Но счастливый день наступил уже после того, как «нарушилась привычная размеренная жизнь и семья Циолковских переехала из Боровска в Калугу. Переезд произошел неожиданно – Константина Эдуардовича перевели по службе. Почему? Этого никто не знает. То ли помогло вмешательство Столетова? То ли (если верить Варваре Евграфовне) смотритель Калужского училища Рождественский, наслышавшись о Циолковском хорошего, решил перевести его в Калугу? Высказывания Константина Эдуардовича и его близких крайне противоречивы. Бесспорно лишь одно: известие о переводе нагрянуло неожиданно и не вызвало у Циолковского большого восторга. По-видимому, решающую роль сыграли отношения с начальством и некоторыми учителями. Отношения эти, как мы знаем, были не из лучших. „Они брали взятки, продавали учительские дипломы сельским учителям и т. д., – писал Константин Эдуардович. – Я ничего долгое время не знал, по своей глухоте, об этих проделках. Потом все же по мере возможности препятствовал нечестным поступкам. Поэтому товарищи мечтали сбыть меня с рук. Это и совершилось со временем“.
Но независимо от причины перевода пришлось переезжать. Спешно продаются вещи – с собой будет взято лишь самое необходимое. Приходят прощаться ученики. Не без грусти расстаются они с любимым учителем. Кто-то из друзей засовывает в лубяной возок коробку с конфетами, другой приносит икону святого Константина и произносит прочувствованную речь. Ученики хором поют «Многая лета». Все машут руками.
Трогай с богом! – говорит Варвара Евграфовна вознице.
И семейство Циолковских навсегда расстается с Боровском.
В возке душно. Варваре Евграфовне становится плохо. Ничего не сделаешь, надо терпеть, терпеть хотя бы до Малоярославца. В Малоярославце, ближайшем городе на пути к Калуге, остановка. Константин Эдуардович, изрядно уставший от дорожных хлопот, бежит к станционному смотрителю. Договорился. Возок заменили двумя открытыми санями. Стало прохладнее, но сказать, чтобы приятнее, – едва ли. Сани бросает на ухабах, заносит в сугробы.

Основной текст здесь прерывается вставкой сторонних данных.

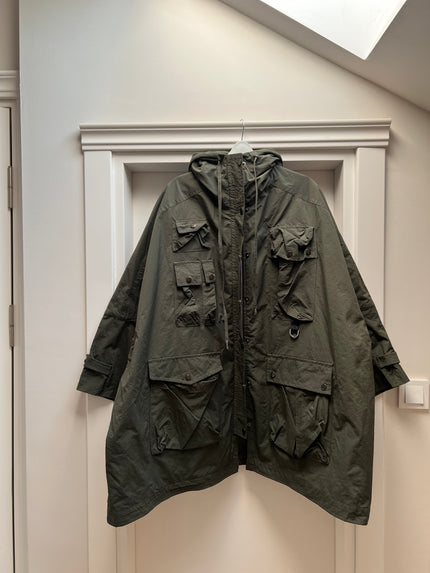 Haki mont parka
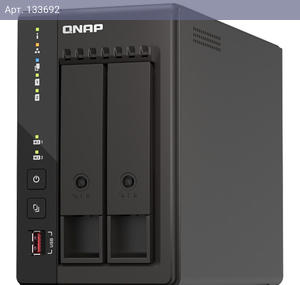 Сетевой накопитель QNAP TS-253E-8G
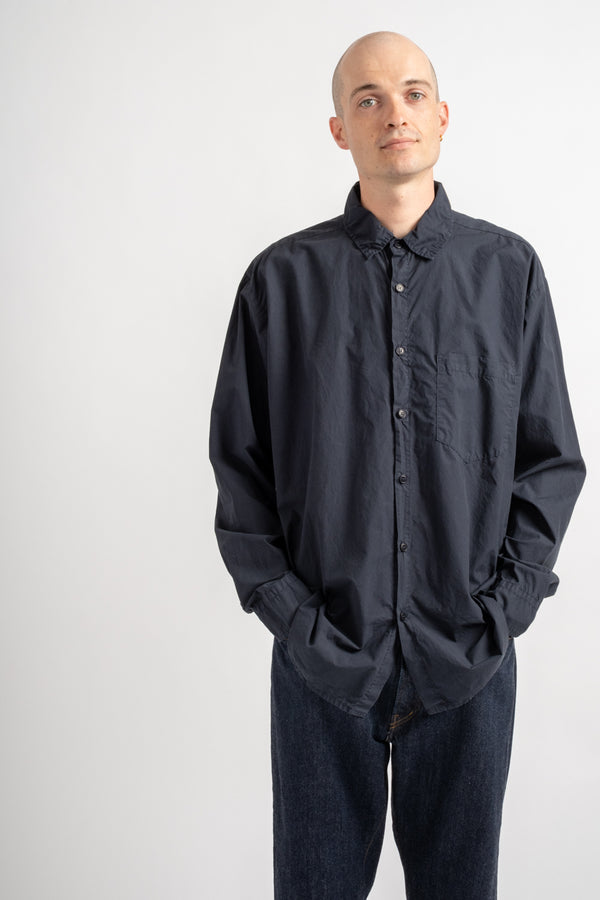 The Men's Shirt in Dark Navy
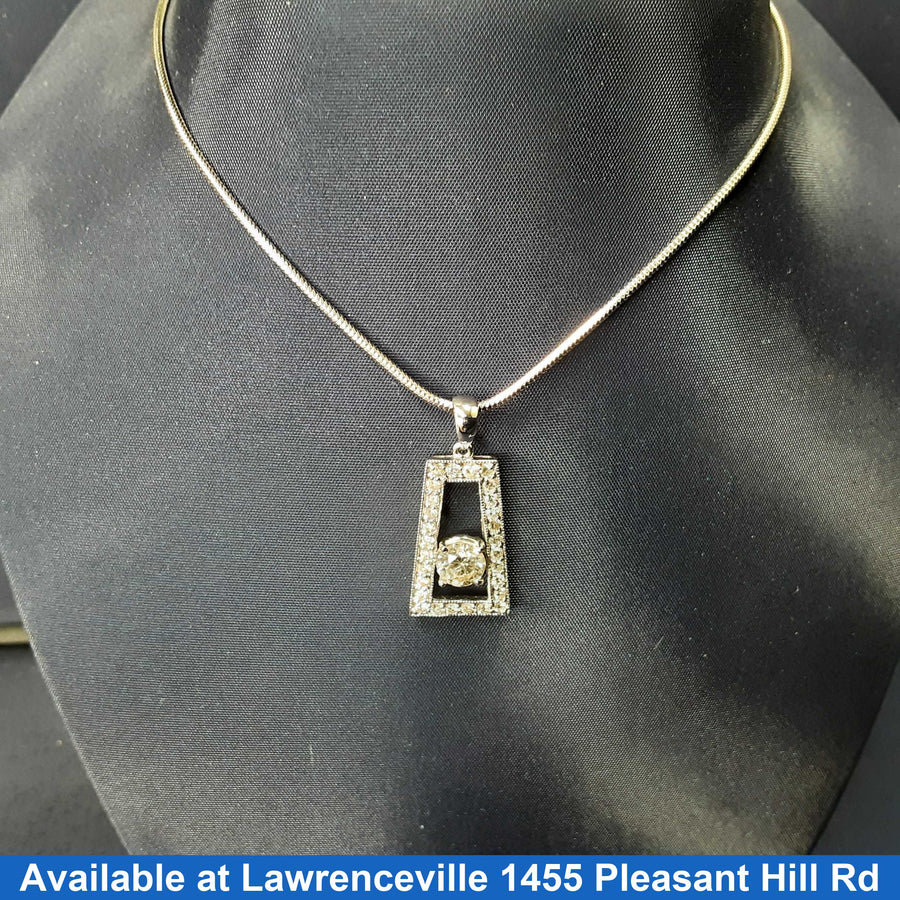 Chain - White Gold 14k (.585) 5.7 grams 17 inch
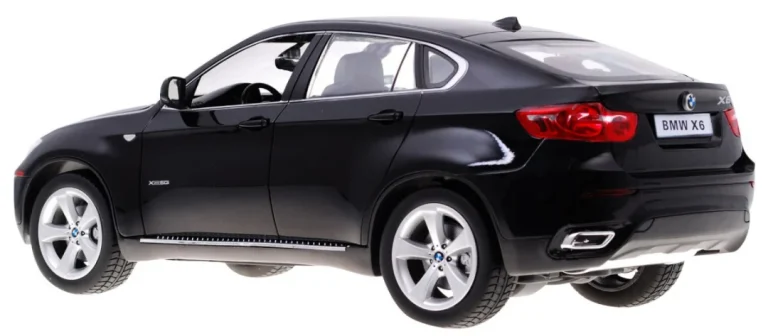 Bmw X6 Crni Rastar Model 1:14 Suv Automobil Na Daljinsko Upravljanje + 2,4 Ghz Daljinski, Crna 7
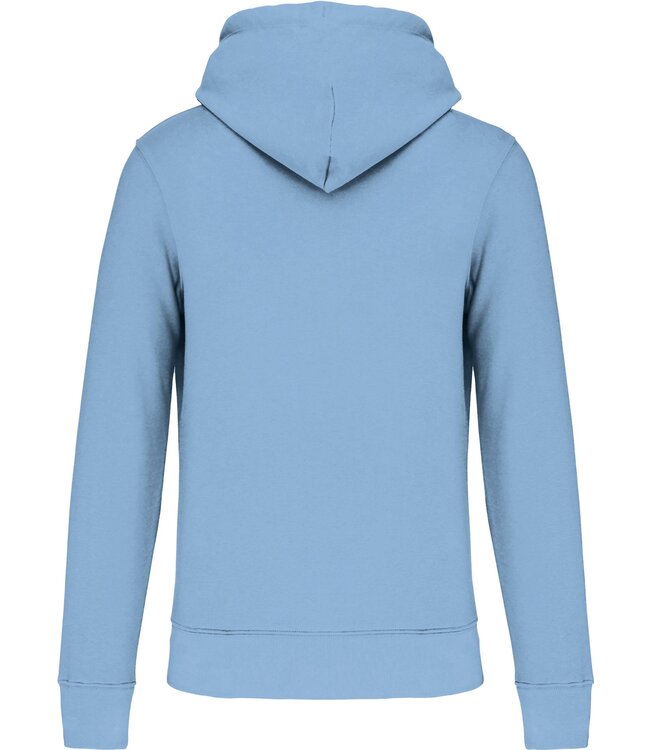 ECO hoodie Uni Skyblue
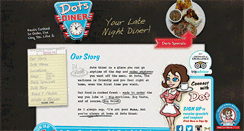Desktop Screenshot of dotsdiner.com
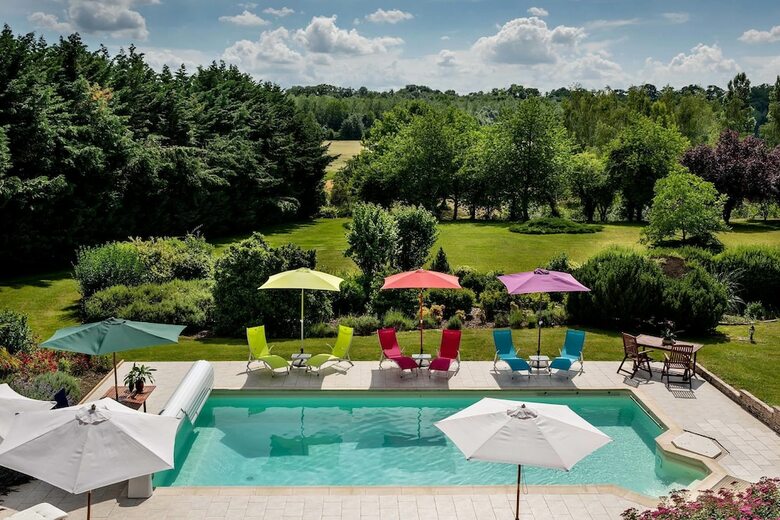Bed & Breakfast Domaine Du Bois Des Anges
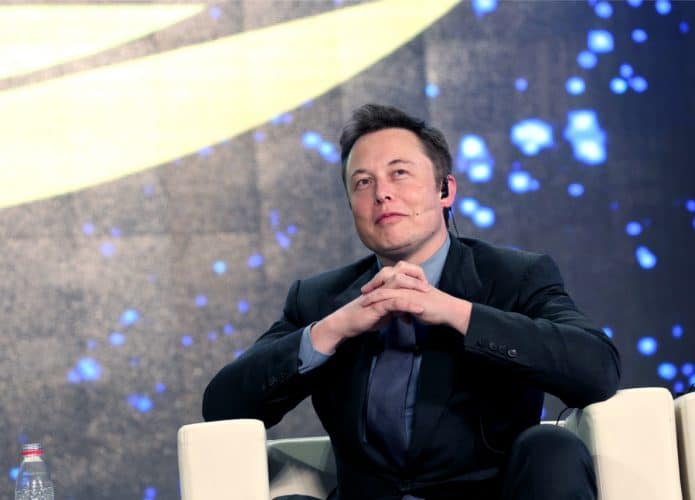 Elon Musk, CEO e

Но вот в ночной темноте вспыхнул огонек. Один, второй, третий... С каждой минутой огоньков становилось все больше и больше. Путникам казалось, что огромный город, притаившийся во мраке, вдруг решил посмотреть на них всем множеством глаз. Впрочем, после Боровска Калуга могла показаться огромной. Одних церквей Святого Георгия в ней было три. Квартира, заранее снятая для Циолковских их друзьями, размещалась напротив одного из Георгиев. Путники изрядно проплутали по городу, прежде Чем добрались до долгожданного тепла.
Но вот они и дома. Убаюкивающе-ласково кипит самовар. Дома... Согрелись чайком, разморенные дорогой. Циолковские рады, что большая часть хлопот уже позади. Еще день-другой, и жизнь входит в привычную колею.
6. Люди разных миров
Снова за формулы. Снова за чертежи и расчеты. Техническое общество осудило его проект. Плоха конструкция? Ну что ж, он готов исправить свою ошибку.

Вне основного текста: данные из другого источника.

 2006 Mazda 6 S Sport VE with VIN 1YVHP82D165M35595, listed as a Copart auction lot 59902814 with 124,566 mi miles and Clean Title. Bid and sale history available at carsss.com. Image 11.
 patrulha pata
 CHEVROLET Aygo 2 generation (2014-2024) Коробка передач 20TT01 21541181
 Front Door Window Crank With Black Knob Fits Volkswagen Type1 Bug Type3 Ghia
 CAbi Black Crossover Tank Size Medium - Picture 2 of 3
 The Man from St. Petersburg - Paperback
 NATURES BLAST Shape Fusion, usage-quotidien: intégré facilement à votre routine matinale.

Если раньше Циолковский имел одного противника – неизвестность, то теперь его врагами стали живые, конкретные люди. Деятели VII отдела представлялись холеными, надутыми господами в чинах и орденах, не пожелавшими обратить внимания на его проект– проект маленького человека. Стоило ему представить себе этих господ, как усталость словно рукой снимало. Он готов ночи просиживать напролет, отказывать себе в самом необходимом, лишь бы доказать своим обидчикам их неправоту.